Theoretical Basis of the Intervention
For the present study, the development and maintenance of chronic insomnia are explained within a behavioral framework consisting of predisposing characteristics, precipitating circumstances, and perpetuating factors (Spielman, Saskin, & Thorpy, 1987). Certain predisposing conditions or traits such as arousability, a familial or genetic tendency, and gender may play a role in increasing vulnerability to insomnia (Morin, 1993). Precipitating circumstances such as illness, personal loss, and other stressful life events commonly surround the onset of sleep difficulty. Perpetuating factors such as ineffective strategies to obtain sleep, poor sleep habits, and dysfunctional cognitions maintain insomnia and develop through behavioral conditioning. The perpetuating factors become the target of intervention as the individual with insomnia is taught to reassociate the bed and bedroom with cues for sleepiness, restrict the amount of time spent awake in bed, and establish good sleep practices. The focus on perpetuating factors facilitates the consolidation of sleep and an improvement in insomnia.
Women, 18 years of age or older, with a diagnosis of stage I, II, or III breast cancer who completed primary cancer treatment (surgery, chemotherapy, radiation therapy) at least three months before entry into the study and did not have evidence of active disease were included in the present study.

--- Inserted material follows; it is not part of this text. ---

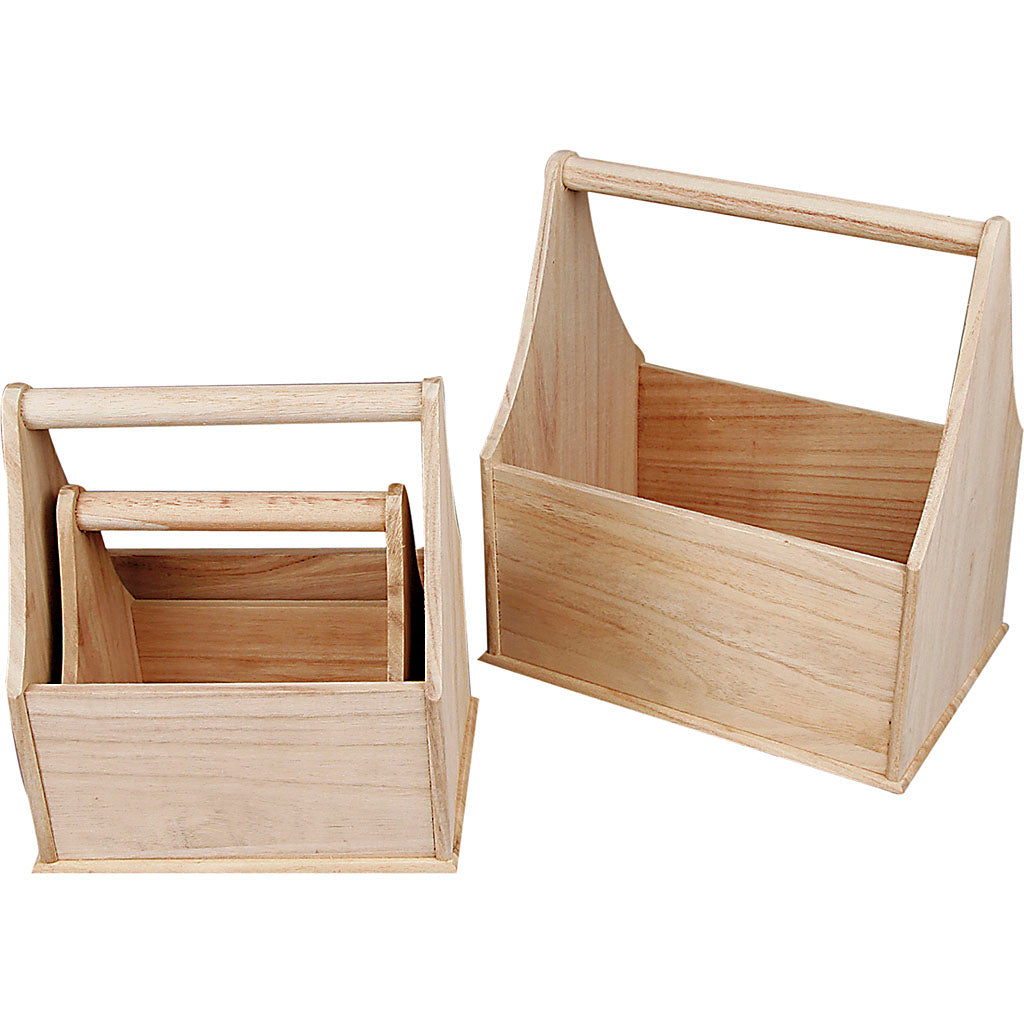Creotime flessenhouder, grootste maat 24x17,5x28 cm, keizerin boom, 3 assorti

Screening eligibility criteria included an insomnia complaint (difficulty falling and/or staying asleep) of at least three months’ duration and self-report that insomnia affected daytime functioning. Two consecutive weeks of pretreatment daily sleep diaries were used to establish the sleep eligibility criteria of sleep-onset latency and/or time awake after sleep onset totaling 30 minutes or more for a minimum of three nights per week for two weeks. Exclusion criteria included cognitive impairment as ascertained by the Mini-Mental State Examination (i.e., a score < 27) (Folstein, Folstein, & McHugh, 1975) and suspicion of sleep apnea, restless legs syndrome, or periodic limb movement disorder as determined through the participant interview and a telephone interview with a significant other, if available. Individuals with psychopathology evidenced by a Brief Symptom Inventory global severity index T score greater than 70 (Derogatis & Melisaratos, 1983) were excluded. The inclusion and exclusion sleep criteria were derived from the Diagnostic and Statistical Manual of Mental Disorders (American Psychiatric Association, 2000), the International Classification of Sleep Disorders (American Sleep Disorders Association, 1997) criteria for disorders relating to initiating and maintaining sleep (psychophysiologic insomnia), and the insomnia intervention research literature’s inclusion and exclusion criteria. Primary and comorbid insomnia were determined by identifying the onset of the insomnia and its relationship to the cancer diagnosis, treatment, and post-treatment periods and the woman’s perception of whether the insomnia was caused or exacerbated by cancer. Women who were taking stable dosages of medication for sleep but met the sleep eligibility criteria were not excluded.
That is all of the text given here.